Fisette, who first took office in 1998, is currently the longest-serving Board member. In a phone interview today, he said he has been weighing for months whether to run for another term.
“It’s really a complete honor and a privilege” to serve on the Board, Fisette said. “I still love the place, I’m just ready for a new challenge… a new way of working on the progressive values that we’ve embraced and that I’ve championed here in Arlington, that are at some level threatened at this moment.”
Though he has not decided what exactly to do next, Fisette said it will not be in elected office.
Fisette said he is especially proud of the Board’s long-term vision for Arlington — a “broad commitment to policies regarding the long-term sustainability of the community,” like transportation, housing, land use and the environment.
That was possible, Fisette said, because he “had the luxury, during most of my time here,” to make decisions based on community and professional staff input, and based on what he felt was best for the county.
“I worked really hard to treat people with respect and be fair,” said Fisette. “I could vote my conscience and best judgment with very little [consideration for] political or short term expediency.”
Fisette added that he hopes his successor continues to “stretch and aspire” without becoming “too political at the expense of good policy,” while at the same time emphasizing community engagement and “building toward a consensus.”
So far no candidates have filed to run in the upcoming Democratic County Board caucus, according to the Sun Gazette. With Fisette’s announcement today, a number of Democrats are now expected to throw their hats in the ring for the May 11 and 13 caucus. Whoever wins will face perennial independent candidate Audrey Clement in November.

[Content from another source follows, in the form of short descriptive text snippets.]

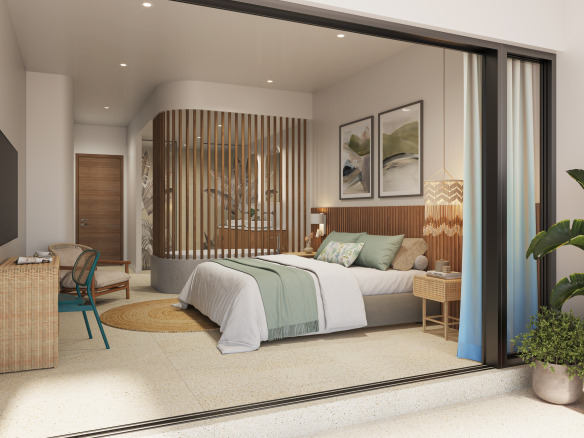 Apartment – Black River, Mauritius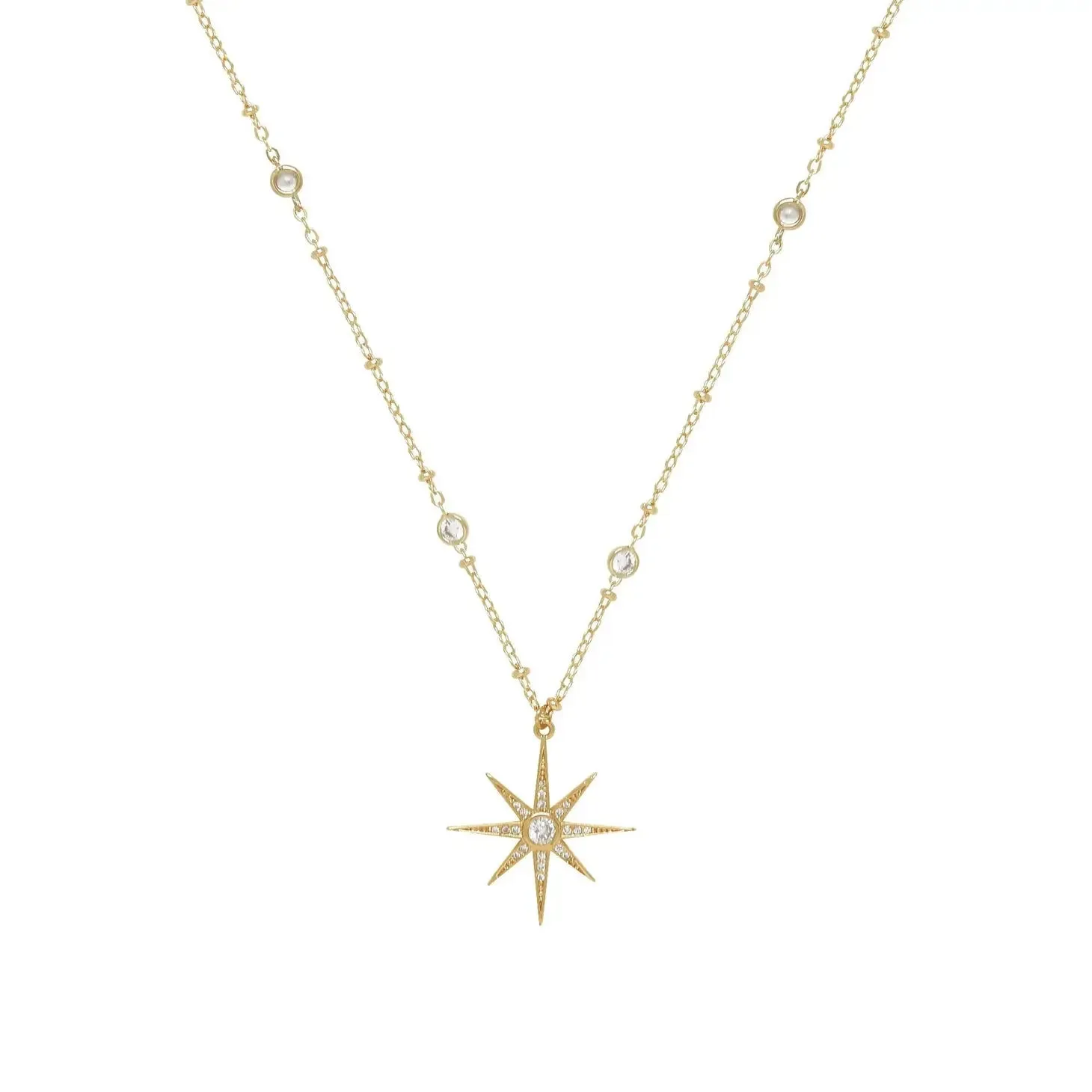 LUXE JEWELRY COLLECTION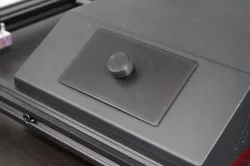 Ender 5 Plus Screen Protector - night shade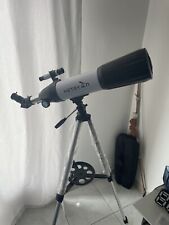 Hetekan telescopio astronomico usato  Mascali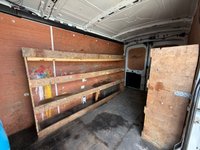USED 2022 72 FORD TRANSIT 2.0 350 EcoBlue Leader Panel Van 5dr Diesel Manual RWD L3 H2 Euro 6 (s/s) (130 ps) 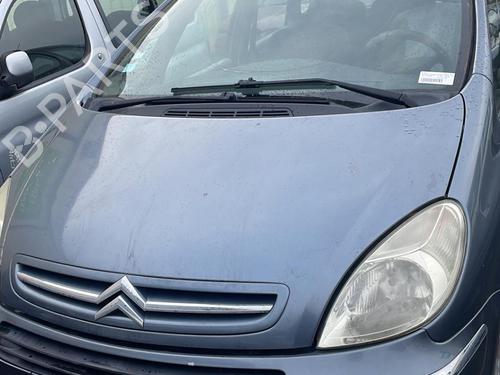 Right headlight CITROËN XSARA PICASSO (N68) 2.0 HDi | BP22852314C29 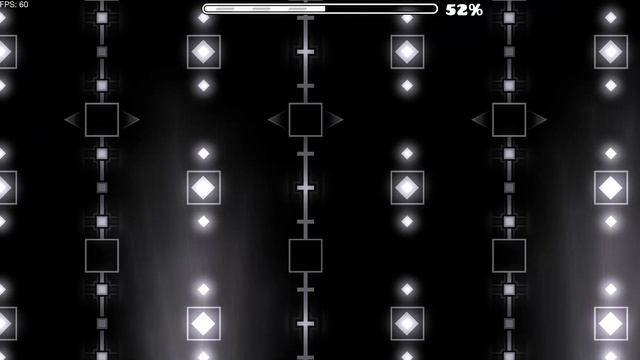 mute evasion by SeeleSR (Impossible Level)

In an Arlington County press release today (below), Fisette said that as an openly gay man he likely would not have been embraced by many communities like he was in Arlington when he ran for Board in 1997. He was Virginia’s first openly gay elected official.
Arlington County Board Chair Jay Fisette said today he has decided not to run for re-election to the Board this year.
“I just returned from a trip abroad, where I gave this a lot of thought,” Fisette said. “I have decided that it’s time to find a new platform and seek new ways of protecting and advancing some of the progressive values that are so important to me, values we have championed here in Arlington that are threatened by the current administration. I will not seek a sixth term on the County Board. Stay tuned.”
His nearly 20 years of service on the Board “have been an honor and a privilege,” Fisette said. “I have often said that I am not sure I would have run for office in many other places, yet Arlington always felt like a great fit for me. This community has such a strong tradition of policy-based good government where community involvement is encouraged and matters.”
Arlington, he said, “embraced me as a gay man long before such an endorsement could be presumed, long before it became the norm.” He has fought hard, Fisette said, to ensure Arlington has remained an inclusive and welcoming community.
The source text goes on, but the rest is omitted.